▶ **The problem**: Your job is to transcribe the material exactly. Keep every line.

▶ **Provided data**:
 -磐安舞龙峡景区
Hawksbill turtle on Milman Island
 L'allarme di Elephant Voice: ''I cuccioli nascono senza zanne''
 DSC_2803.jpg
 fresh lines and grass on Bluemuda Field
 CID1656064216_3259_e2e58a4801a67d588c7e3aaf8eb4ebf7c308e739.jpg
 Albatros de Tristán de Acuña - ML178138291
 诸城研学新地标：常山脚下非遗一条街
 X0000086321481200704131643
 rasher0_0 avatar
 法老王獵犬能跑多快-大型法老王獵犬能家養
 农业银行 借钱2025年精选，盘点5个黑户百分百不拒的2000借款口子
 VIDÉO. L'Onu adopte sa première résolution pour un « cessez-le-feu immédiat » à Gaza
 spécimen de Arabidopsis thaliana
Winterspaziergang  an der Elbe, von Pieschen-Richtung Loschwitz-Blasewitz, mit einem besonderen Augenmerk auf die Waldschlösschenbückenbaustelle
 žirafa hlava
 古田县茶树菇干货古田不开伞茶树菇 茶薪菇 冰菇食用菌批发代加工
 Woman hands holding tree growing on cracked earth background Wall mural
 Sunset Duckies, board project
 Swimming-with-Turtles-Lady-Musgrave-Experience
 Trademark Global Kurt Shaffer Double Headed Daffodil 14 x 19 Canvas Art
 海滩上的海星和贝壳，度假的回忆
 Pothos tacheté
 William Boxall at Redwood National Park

▶ **Exercise solution**:
 -磐安舞龙峡景区
Hawksbill turtle on Milman Island
 L'allarme di Elephant Voice: ''I cuccioli nascono senza zanne''
 DSC_2803.jpg
 fresh lines and grass on Bluemuda Field
 CID1656064216_3259_e2e58a4801a67d588c7e3aaf8eb4ebf7c308e739.jpg
 Albatros de Tristán de Acuña - ML178138291
 诸城研学新地标：常山脚下非遗一条街
 X0000086321481200704131643
 rasher0_0 avatar
 法老王獵犬能跑多快-大型法老王獵犬能家養
 农业银行 借钱2025年精选，盘点5个黑户百分百不拒的2000借款口子
 VIDÉO. L'Onu adopte sa première résolution pour un « cessez-le-feu immédiat » à Gaza
 spécimen de Arabidopsis thaliana
Winterspaziergang  an der Elbe, von Pieschen-Richtung Loschwitz-Blasewitz, mit einem besonderen Augenmerk auf die Waldschlösschenbückenbaustelle
 žirafa hlava
 古田县茶树菇干货古田不开伞茶树菇 茶薪菇 冰菇食用菌批发代加工
 Woman hands holding tree growing on cracked earth background Wall mural
 Sunset Duckies, board project
 Swimming-with-Turtles-Lady-Musgrave-Experience
 Trademark Global Kurt Shaffer Double Headed Daffodil 14 x 19 Canvas Art
 海滩上的海星和贝壳，度假的回忆
 Pothos tacheté
 William Boxall at Redwood National Park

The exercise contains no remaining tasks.